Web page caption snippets
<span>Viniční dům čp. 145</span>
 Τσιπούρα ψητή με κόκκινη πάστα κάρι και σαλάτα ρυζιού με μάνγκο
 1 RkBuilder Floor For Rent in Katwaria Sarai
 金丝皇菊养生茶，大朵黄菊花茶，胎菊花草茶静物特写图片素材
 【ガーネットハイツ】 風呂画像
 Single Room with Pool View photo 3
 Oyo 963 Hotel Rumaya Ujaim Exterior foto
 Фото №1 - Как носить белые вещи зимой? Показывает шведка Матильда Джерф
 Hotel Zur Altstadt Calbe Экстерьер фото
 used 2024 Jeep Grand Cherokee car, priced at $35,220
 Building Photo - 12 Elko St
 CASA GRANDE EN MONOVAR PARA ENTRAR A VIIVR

Your objective >> Every line from the one that holds "Hotel Zur Altstadt Calbe Экстерьер фото" to the end of the data above should be given again exactly, with that line and the last one both kept.

Exercise result >>
 Hotel Zur Altstadt Calbe Экстерьер фото
 used 2024 Jeep Grand Cherokee car, priced at $35,220
 Building Photo - 12 Elko St
 CASA GRANDE EN MONOVAR PARA ENTRAR A VIIVR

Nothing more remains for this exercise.